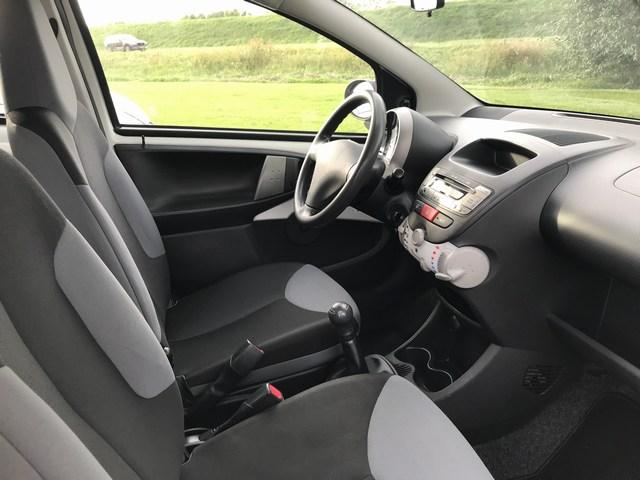 Peugeot 107 1.0 airco | 5-deurs | facelift | nap | 2e eigenaar etc.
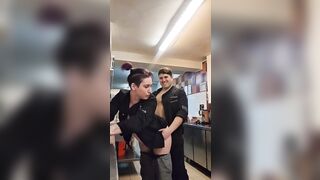 Cuochi italiani trombano in cucina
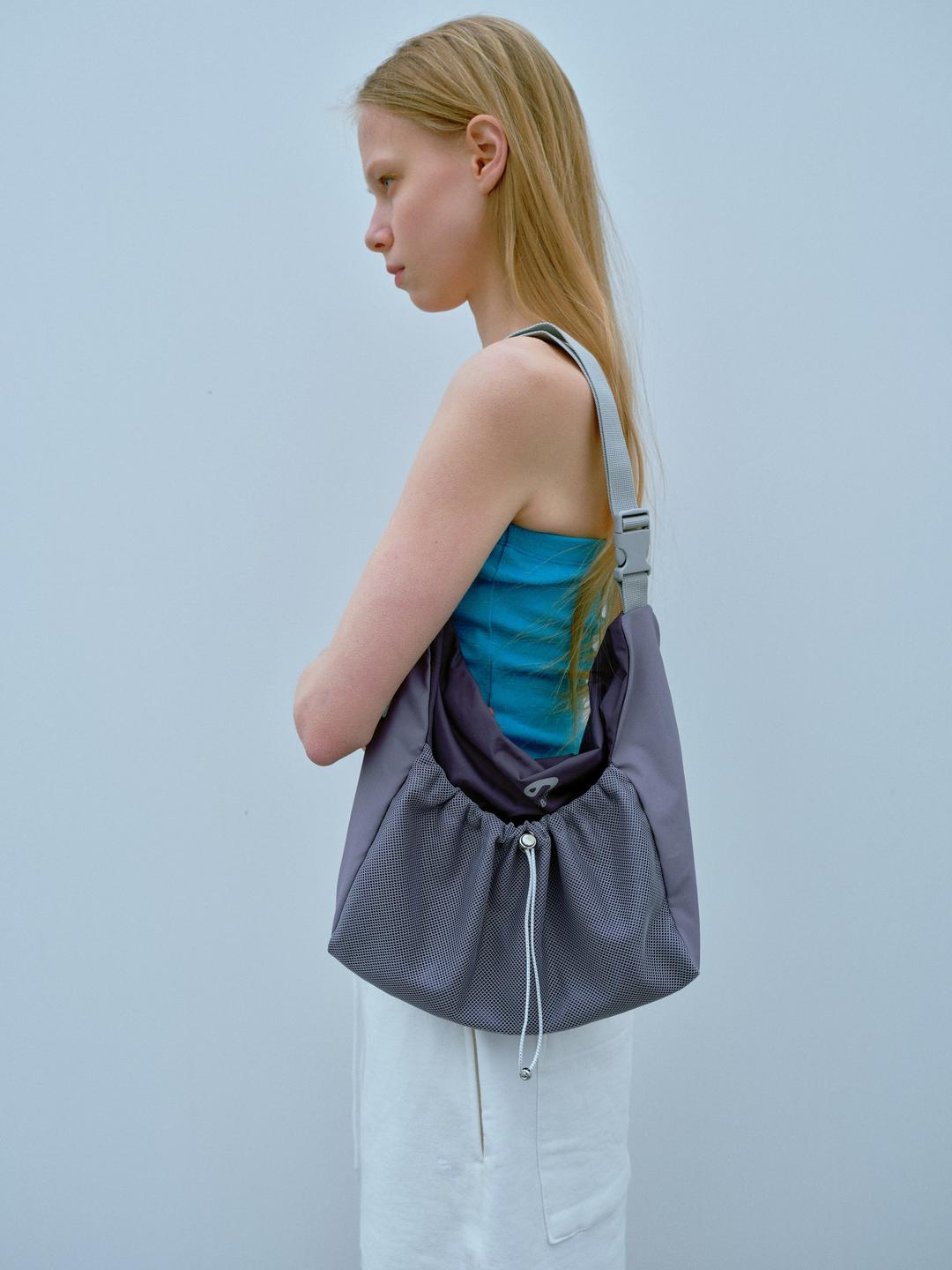 메쉬 투톤 크로스 백 (Grey)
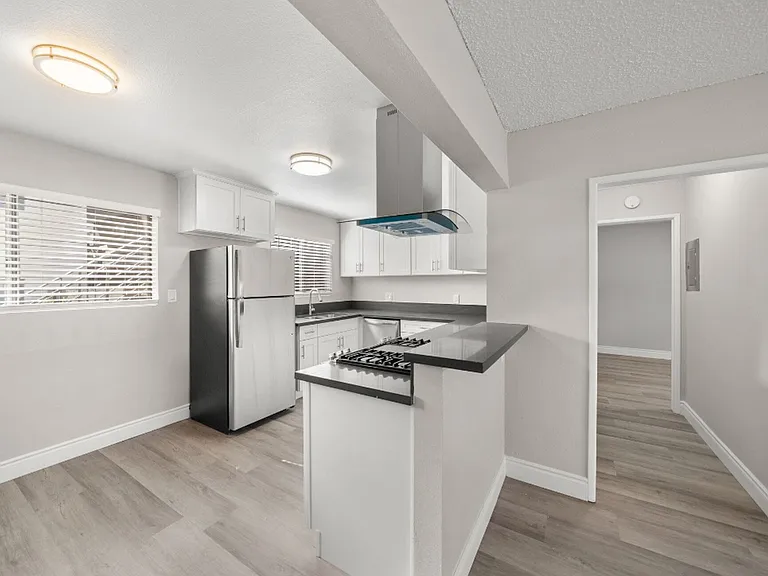 1345 N San Gabriel Ave — Photo 3
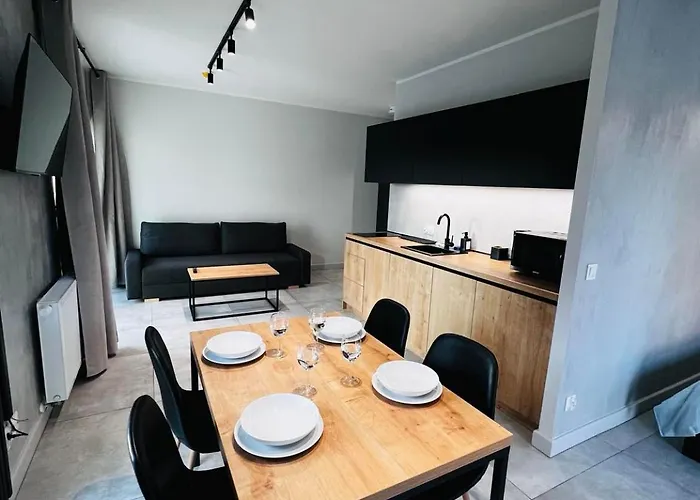 - Legnicka Business Center Apartment Wroclaw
- - - - -
Your assignment:
Would you print all of the entries exactly, omitting any image?

Solution to this exercise:
 Peugeot 107 1.0 airco | 5-deurs | facelift | nap | 2e eigenaar etc.
 Cuochi italiani trombano in cucina
 메쉬 투톤 크로스 백 (Grey)
 1345 N San Gabriel Ave — Photo 3
 - Legnicka Business Center Apartment Wroclaw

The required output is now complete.